The Best Job

10 Liberdade


Notas iniciais
Olá, pessoal o// Desculpem pela demora, é que eu estive bem ocupada ultimamente... Sem falar que eu tive que revisar o arco dos ASL todinho @-@ mas tenho que admitir que foi bom :') Enfim... Quando as letras estiverem em negrito, é porque o Sabo está narrando. Se estiver em itálico, é porque é um pequeno flash back, narrado por mim. E se a letra estiver normal, é porque voltou para o atual, com Sabo e Koala, entenderam? Bem, sem mais delongas... Espero que gostem! ^-^

Eu nasci numa família nobre, numa parte da cidade onde apenas os nobres podiam morar.

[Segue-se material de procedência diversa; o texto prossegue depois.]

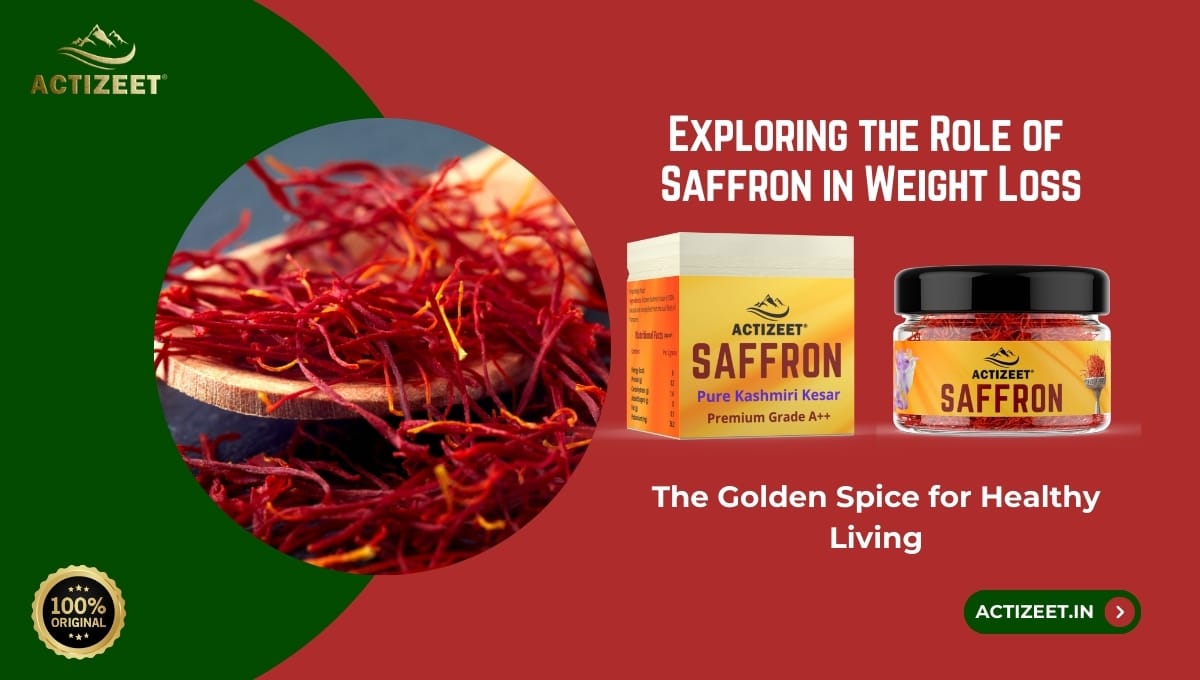 Saffron and weight loss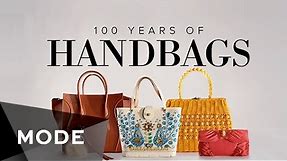 100 Years of Fashion: Handbags ★ Glam.com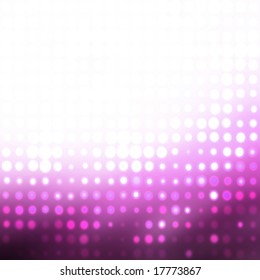 Dotted background with copyspace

Quando era pequeno e morava com meus pais, não tinha nenhum amigo; pois, segundo eles, eu só deveria fazer amizade com nobres de níveis mais altos.

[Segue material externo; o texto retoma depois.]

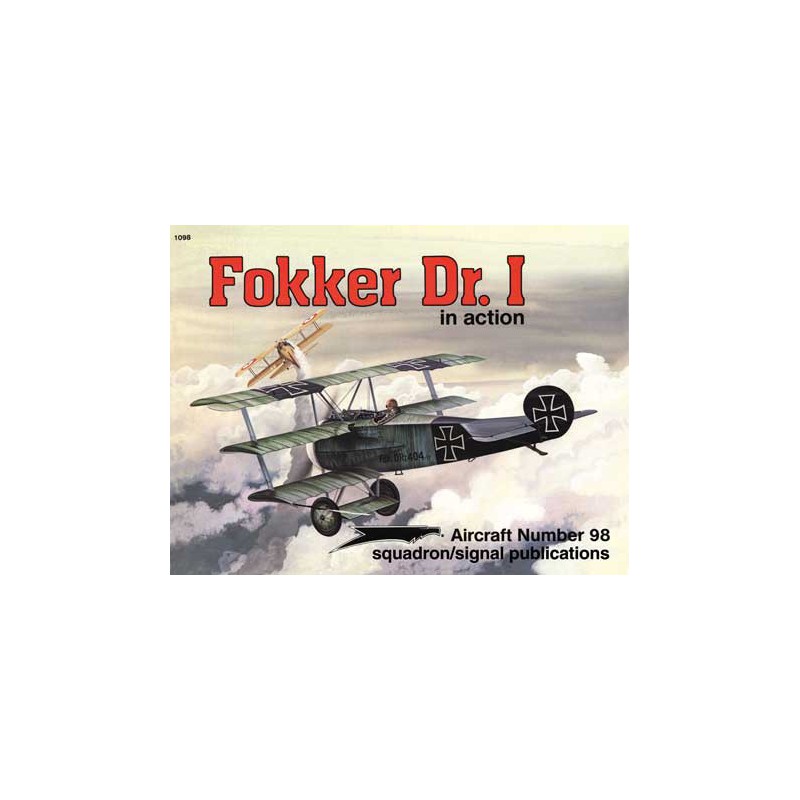 Buch Fokker Dr.1 in Aktion | Scientific-MHD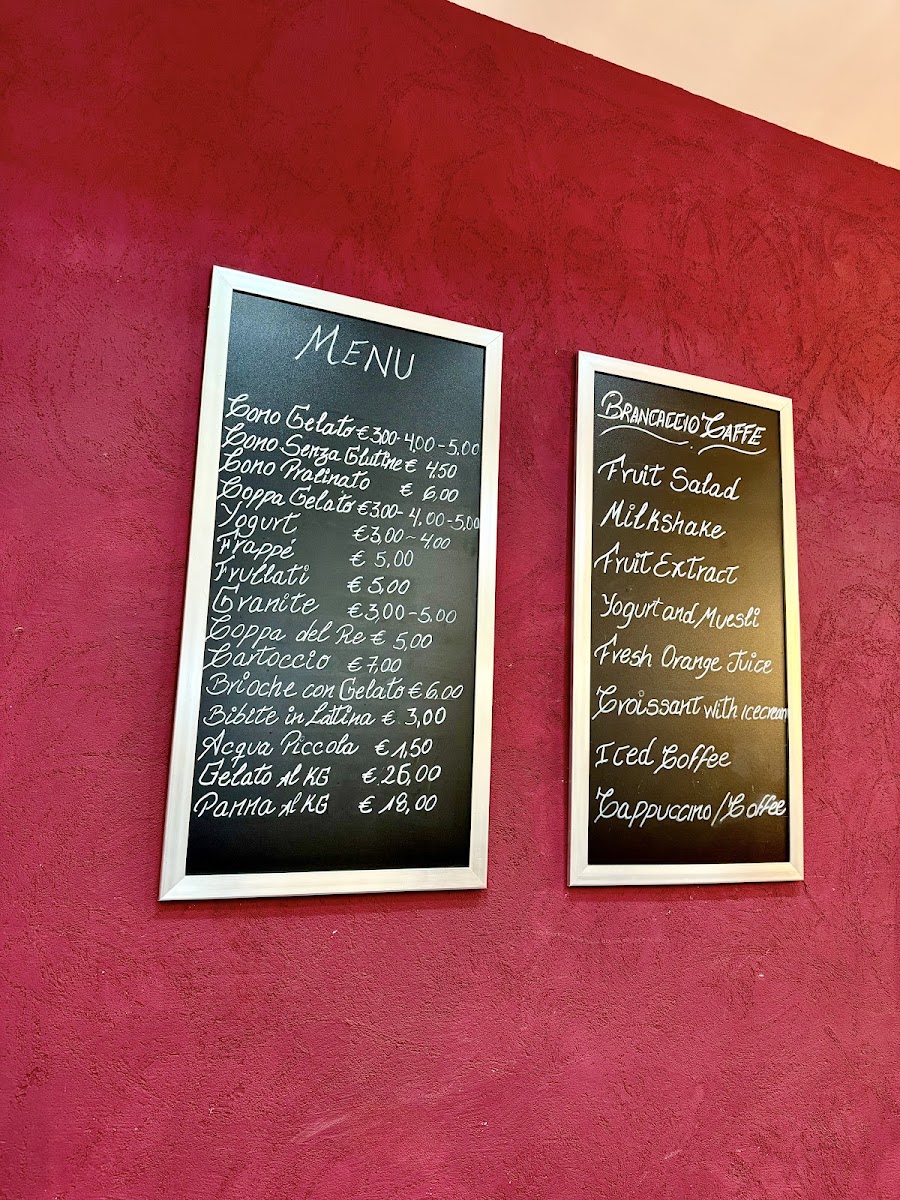Brancaccio Cafè Menu 1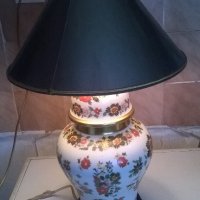 стара порцеланава нощна лампа, снимка 4 - Настолни лампи - 18761272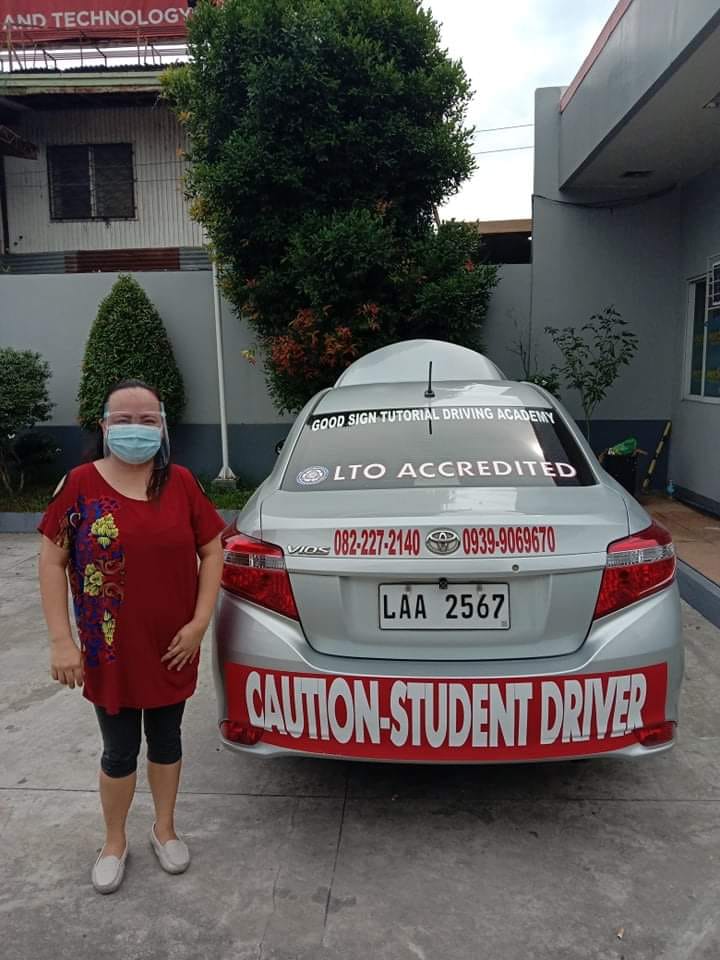 Salamat sa pag salig Maam MANUAL RCASTILLO - Driving School in Davao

Sabo olhava pela janela de seu quarto, observando uns meninos ricos da região brincarem com uma bola. O loiro, assim como todo menino de 4 anos, sentira vontade de abandonar a pilha de livros em sua frente para ir se divertir também.

– O que está olhando aí?! — perguntou sua mãe, aparecendo na porta. Desconfiada, ela olhou pela janela. — nem pense em brincar com esses meninos, o pai deles está quase falindo, logo logo serão pobres, uns inúteis! Por que que você não faz algo que preste e faz amizade com o filho dos Melograno? A família dele tem sangue da família real!

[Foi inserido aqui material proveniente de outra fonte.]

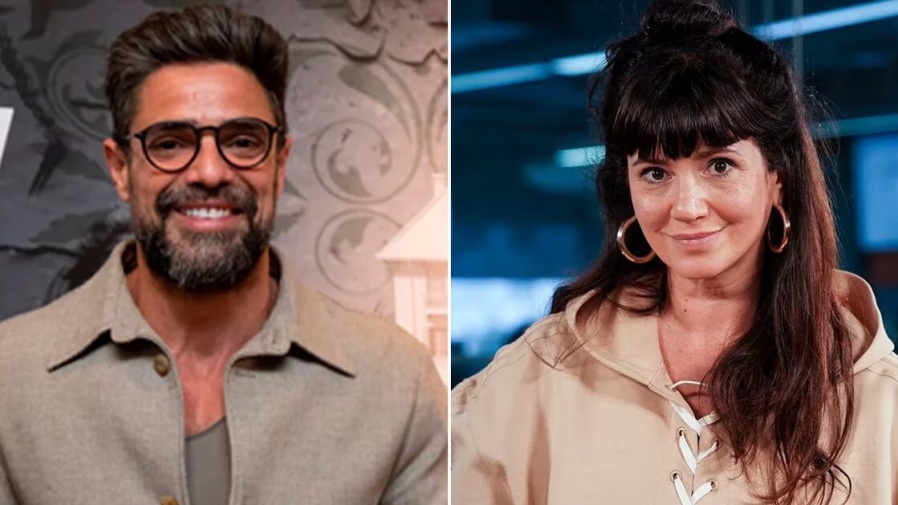 Luciano Castro se animó y subió una foto picante junto a Griselda Siciliani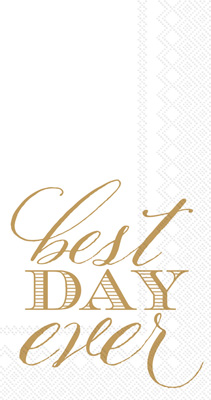 Best Day Ever Guest Towel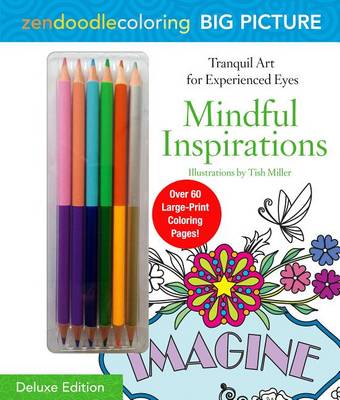 Book cover for Zendoodle Coloring Big Picture: Mindful Inspirations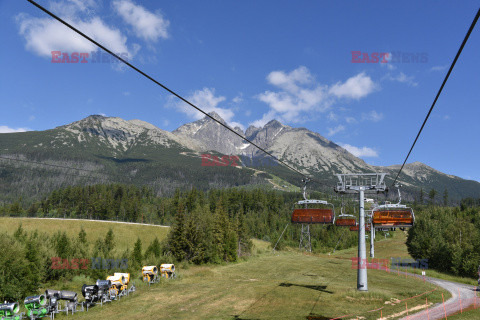 Tatry Słowackie Albin Marciniak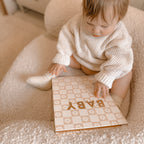 Baby Book Daisy Grid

– Eu tentei mamãe, mas ele roubou os meus brinquedos e ainda me bateu... Eu falei pra senhora! — retrucou o pequeno, frustrado só de lembrar, aquele garoto havia ficado com seu carrinho favorito.

– Hunf, isso não aconteceria se você tivesse nascido igual a mim. — disse a mulher visivelmente irritada, ela virou de costas, saindo do quarto.

– Nossa, isso é tão cruel... — comentou Koala de olhos arregalados, como uma mãe podia ser assim? Como isso pode ser chamado de mãe?

Com meu pai as coisas não eram diferentes. Ele estava sempre ocupado e sempre exigia que eu fosse o melhor nos estudos e em me socializar com os riquinhos. O que ele mais dizia pra mim quando era pequeno, era que eu devia me tornar um homem adequado para me casar com uma moça muito rica, para assim expandir os negócios da família.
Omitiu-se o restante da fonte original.